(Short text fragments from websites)
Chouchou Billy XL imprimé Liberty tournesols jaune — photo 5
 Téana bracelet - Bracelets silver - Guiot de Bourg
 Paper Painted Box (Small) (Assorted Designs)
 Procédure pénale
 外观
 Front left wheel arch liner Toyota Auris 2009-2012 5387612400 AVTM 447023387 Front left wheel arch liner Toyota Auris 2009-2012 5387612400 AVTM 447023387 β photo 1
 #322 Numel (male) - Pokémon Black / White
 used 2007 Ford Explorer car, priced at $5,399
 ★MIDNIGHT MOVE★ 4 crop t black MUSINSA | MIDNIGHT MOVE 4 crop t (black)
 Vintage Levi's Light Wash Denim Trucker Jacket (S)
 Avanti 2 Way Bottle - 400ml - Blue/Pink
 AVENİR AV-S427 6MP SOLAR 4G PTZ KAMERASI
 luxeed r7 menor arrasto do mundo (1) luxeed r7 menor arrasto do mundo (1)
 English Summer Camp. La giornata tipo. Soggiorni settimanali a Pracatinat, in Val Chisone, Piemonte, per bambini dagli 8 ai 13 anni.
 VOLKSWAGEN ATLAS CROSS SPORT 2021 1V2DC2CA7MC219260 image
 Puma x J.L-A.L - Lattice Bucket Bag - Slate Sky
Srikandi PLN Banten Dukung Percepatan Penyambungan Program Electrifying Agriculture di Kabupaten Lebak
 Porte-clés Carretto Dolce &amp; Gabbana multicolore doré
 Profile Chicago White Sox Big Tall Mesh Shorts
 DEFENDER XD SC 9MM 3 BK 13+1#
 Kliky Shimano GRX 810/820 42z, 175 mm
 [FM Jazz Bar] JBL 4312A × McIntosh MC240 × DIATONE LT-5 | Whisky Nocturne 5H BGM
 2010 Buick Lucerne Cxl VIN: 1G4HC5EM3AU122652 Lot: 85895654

» **TASK REQUIREMENTS**
Produce the entries above once more, identical in every detail.

» **TASK OUTPUT**
Chouchou Billy XL imprimé Liberty tournesols jaune — photo 5
 Téana bracelet - Bracelets silver - Guiot de Bourg
 Paper Painted Box (Small) (Assorted Designs)
 Procédure pénale
 外观
 Front left wheel arch liner Toyota Auris 2009-2012 5387612400 AVTM 447023387 Front left wheel arch liner Toyota Auris 2009-2012 5387612400 AVTM 447023387 β photo 1
 #322 Numel (male) - Pokémon Black / White
 used 2007 Ford Explorer car, priced at $5,399
 ★MIDNIGHT MOVE★ 4 crop t black MUSINSA | MIDNIGHT MOVE 4 crop t (black)
 Vintage Levi's Light Wash Denim Trucker Jacket (S)
 Avanti 2 Way Bottle - 400ml - Blue/Pink
 AVENİR AV-S427 6MP SOLAR 4G PTZ KAMERASI
 luxeed r7 menor arrasto do mundo (1) luxeed r7 menor arrasto do mundo (1)
 English Summer Camp. La giornata tipo. Soggiorni settimanali a Pracatinat, in Val Chisone, Piemonte, per bambini dagli 8 ai 13 anni.
 VOLKSWAGEN ATLAS CROSS SPORT 2021 1V2DC2CA7MC219260 image
 Puma x J.L-A.L - Lattice Bucket Bag - Slate Sky
Srikandi PLN Banten Dukung Percepatan Penyambungan Program Electrifying Agriculture di Kabupaten Lebak
 Porte-clés Carretto Dolce &amp; Gabbana multicolore doré
 Profile Chicago White Sox Big Tall Mesh Shorts
 DEFENDER XD SC 9MM 3 BK 13+1#
 Kliky Shimano GRX 810/820 42z, 175 mm
 [FM Jazz Bar] JBL 4312A × McIntosh MC240 × DIATONE LT-5 | Whisky Nocturne 5H BGM
 2010 Buick Lucerne Cxl VIN: 1G4HC5EM3AU122652 Lot: 85895654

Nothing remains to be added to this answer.